Saturday, July 15, 2006

Ethics, Shmethics

Someone asked me an interesting question last night. He asked, "So, do you think it's appropriate to work in an environment that you think is so inadequate that you can't give even minimally adequate care?"

It wasn't the first time that someone suggested to me that correctional work was unethical. Many years ago when I first started working in prison a colleague of mine said to me, "Surely, you're not working there." He was implying that to work inside a correctional facility was equivalent to participating in punishment. Fortunately, times have changed.

In 1988 the American Psychiatric Association published a position statement on psychiatric services in jails and prisons, and this is what it said:

"Psychiatrists should take a leadership role administratively as well as clinically...the APA calls on its members to participate in the care and treatment of the mentally ill in jails and prisons, for without an increased commitment and involvement of its membership in providing services to the mentally ill in jails and prisons, position statements such as this will be meaningless. The breadth and depth of these problems demand much more."
Correctional experience is now mandatory in some situations. In the 1990's forensic psychiatry was recognized as an official medical subspecialty. The American Council for Graduate Medical Education (ACGME), the organization which accredits forensic psychiatry training programs, requires that all forensic psychiatry fellows have a minimum of six months experience working with inmates in a correctional facility. Child psychiatry fellowships also require forensic experience, which in some programs may involve work in juvenile correctional facilities.

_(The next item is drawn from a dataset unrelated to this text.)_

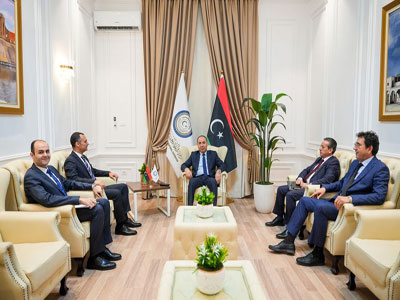 الباعور يستقبل القائم بالأعمال الجديد في السفارة المصرية لدى ليبيا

Correctional psychiatry bears similarities to the newly developed field of disaster psychiatry. Disaster psychiatry developed as a result of the September 11th terrorist attack and other subsequent tragedies. It is based on the idea that when the health care need is urgent you treat the patient where you find them. The correctional environment may not be optimal or ideal, but it is no worse than caring for victims at the scene of a car accident or treating wounded soldiers on the battlefield. Or, for that matter, treating hurricane victims. In the latest issue of BrainWise, the newsletter put out by the Johns Hopkins Department of Psychiatry, Dr. Michael Kaminsky vividly described his experience providing mental health care in central Louisiana following Katrina:
"In one way, Katrina was paradise. No billing, no medical forms. We became super efficient. We just did what was needed. And we loved it."
They treated 45 patients in two days, many of them suffering from complicated major mental illnesses. And talk about an inadequate work environment---their clinic was an elementary school cafeteria with sheets draped over the windows for privacy. Surely this was not an environment that was adequate for providing mental health care. Surely, he didn't work there.

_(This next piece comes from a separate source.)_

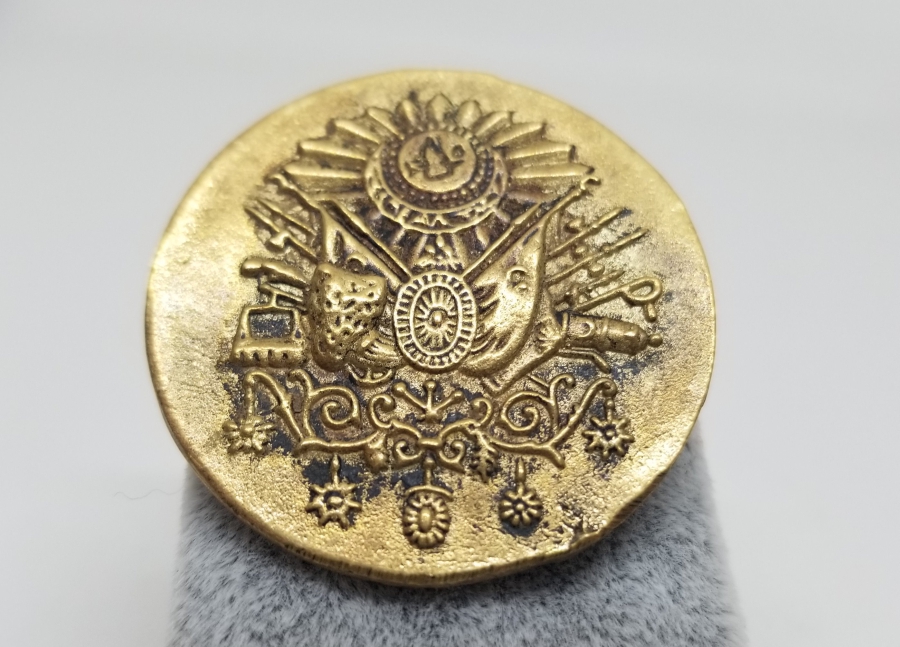 ÜZERİNDE OSMANLI DEVLET ARMASI BULUNAN ANTİKA BROŞ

But fortunately, he did. Ethics, shmethics.

16 comments:

Murky Thoughts said...

Good that he was there, but note we feel so good we'll give people medals for murder and mayhem they commit as soldiers during a crucial mission or battle. We also pay people well for picking up garbage and handling nuclear waste. These are dirty jobs that somebody's got to do. Doesn't mean they won't legitimately strike some people as unseemly--and others legitimately as heroic.

ClinkShrink said...

I'm not sure I'd agree with the analogy between picking up garbage and treating patients in the correctional system; at least, that's not how I see them. If I did see it that way, it would be time to retire.

Dr. A said...

I agree with Kaminsky, if there were no paperwork and no worry of lawyers breathing down your throat - can you imagine the medical care that could be delivered?

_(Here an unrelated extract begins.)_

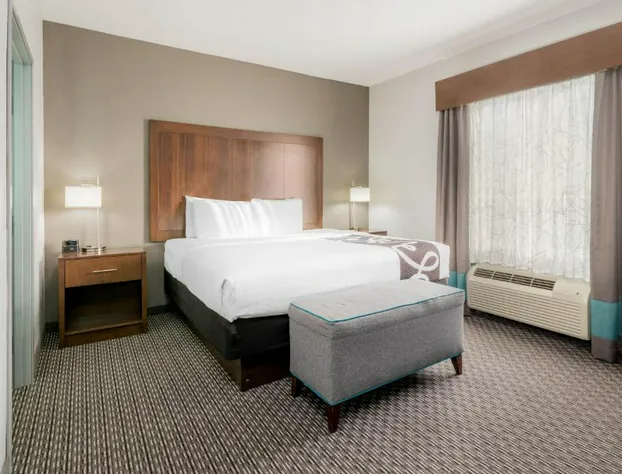 La Quinta Inn & Suites by Wyndham Fort Worth Arlington West hotel detail image 2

As far as there is concerned, that's in the eye of the beholder. Some think it's prisons/jails, some inner city American, some rural America, and some the university setting *grin* - Surely you're not working at the university *LOL*

ClinkShrink said...

Dr. A,

So true; there is an environment and patient population for everyone. My personal 'surely not there' place would be an eating disorders unit. I have friends who specialize in this and I've told them I'm glad they are able to do this. They say the same thing about me and my prisoners.

NeoNurseChic said...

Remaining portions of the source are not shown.